Agricultural Research Service


item Wuest, Stewart
item Albrecht, Stephan
item Smith, Jeffrey
item Bezdicek, David

Submitted to: Direct Seeding Intensive Cropping Conference
Publication Type: Proceedings
Publication Acceptance Date: 1/18/2001
Publication Date: N/A
Citation: N/A

Interpretive Summary:

Technical Abstract: Data from long-term experiments ongoing at CPCRC, Pendleton OR, show that most traditional dryland farming methods result in a reduction in soil organic matter content from the original native grasslands. Wheat/fallow crop rotations lose the most, wheat/pea loses less, and annual wheat loses the least organic matter on an annual basis. Tillage is a second factor in the rate of soil organic matter loss. Increased tillage intensity, related to depth of disturbance and how completely surface residues are mixed with soil and place below the surface, increases the rate of soil organic matter loss. Long-term trends indicate that each crop rotation is headed toward a specific equilibrium soil organic matter level determined by residue input and tillage intensity.
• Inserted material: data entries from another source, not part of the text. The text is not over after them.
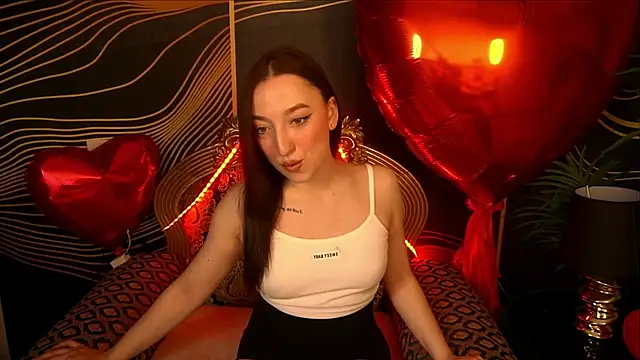 MonAmourrrR online show from February 22, 7:01 am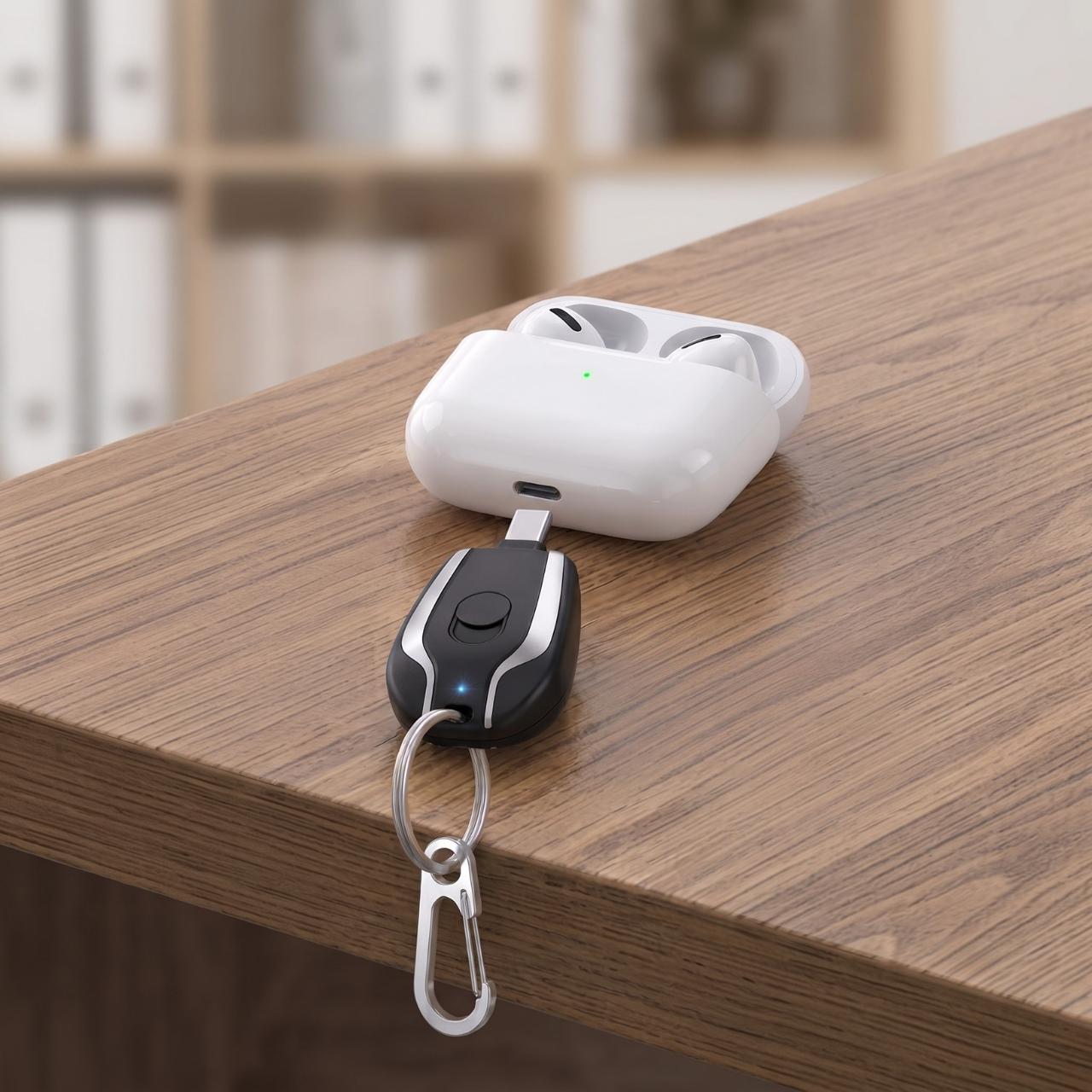 Mini portable phone charger, KeyCharger - Image 10
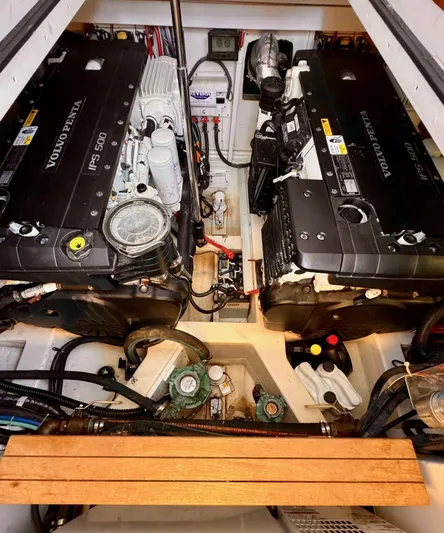 Grand Baby Yacht Photos Pics Engine room of 2018 Legacy 42 with dual Volvo Penta IPS 500 engines.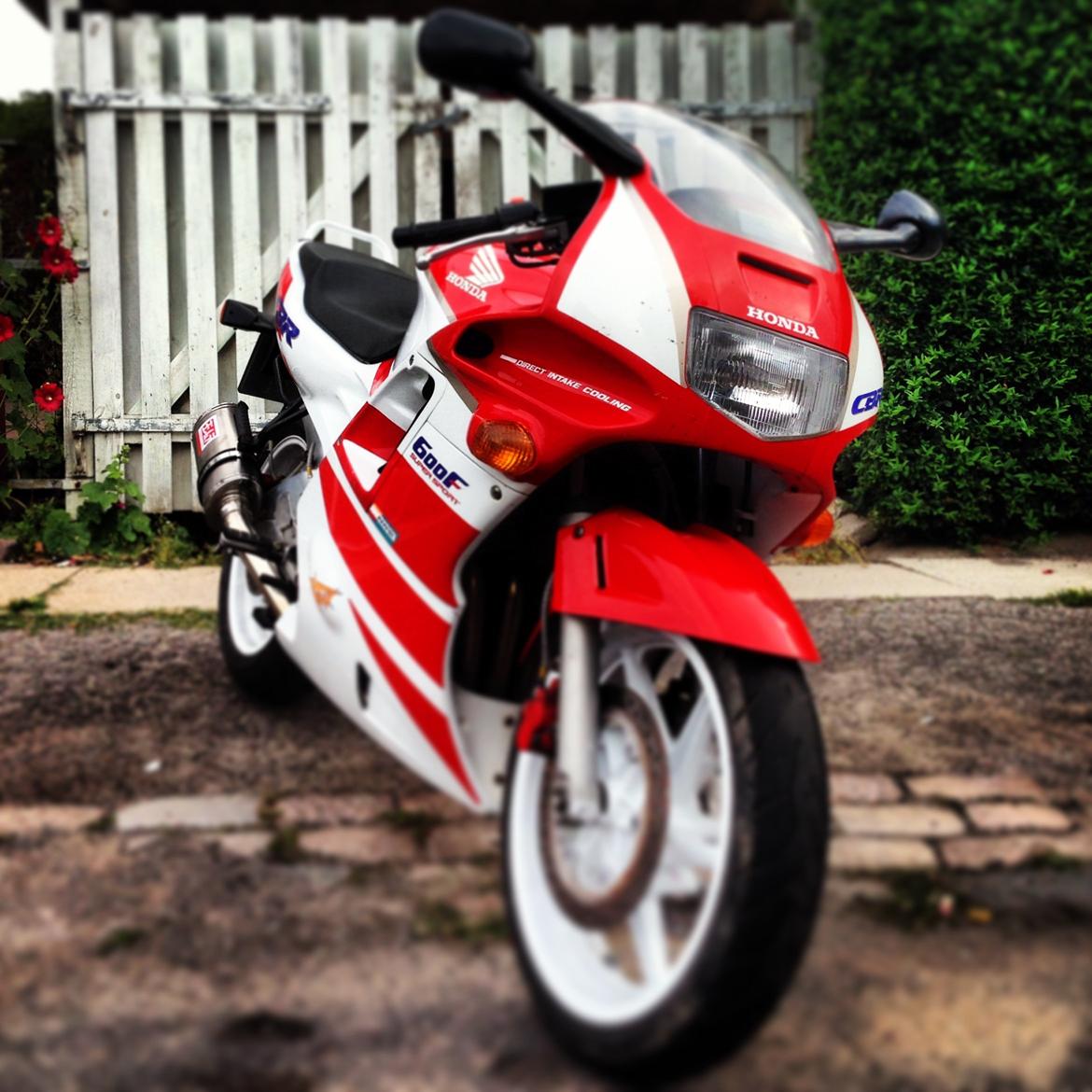 Honda CBR 600 F2 billede 3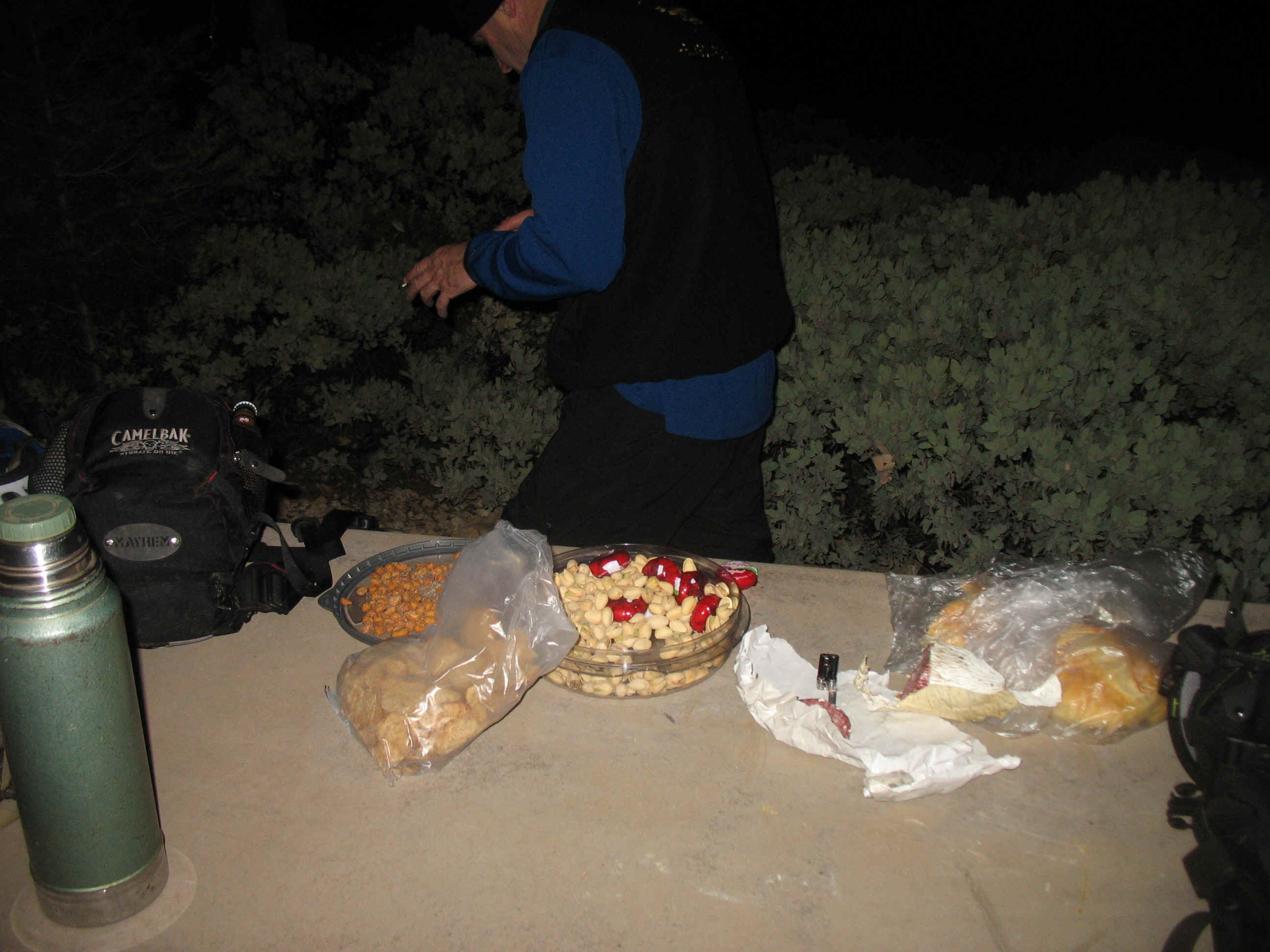 Sol7-05.JPG (1203048 bytes)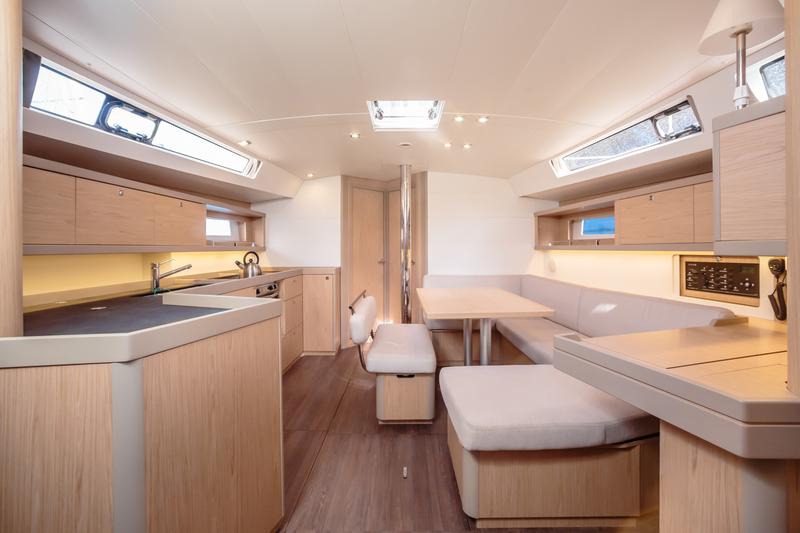 Book yachts online - sailboat - Oceanis 45 - Mizzica - rent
Systems which accumulate relatively high soil organic matter levels also have larger proportions of unstable, more easily decomposed organic matter. Measuring changes in soil organic matter is difficult because it take decades for measurable changes to occur, current measurement techniques include variable amounts of recently deposited residues, and variability within fields and between sampling techniques is significant. Cropping systems which minimize tillage cause soil quality effects not related to an increase in total soil organic matter content, such as stratification of high organic matter near the soil surface where it has a greater effect on tilth, infiltration, and other soil properties.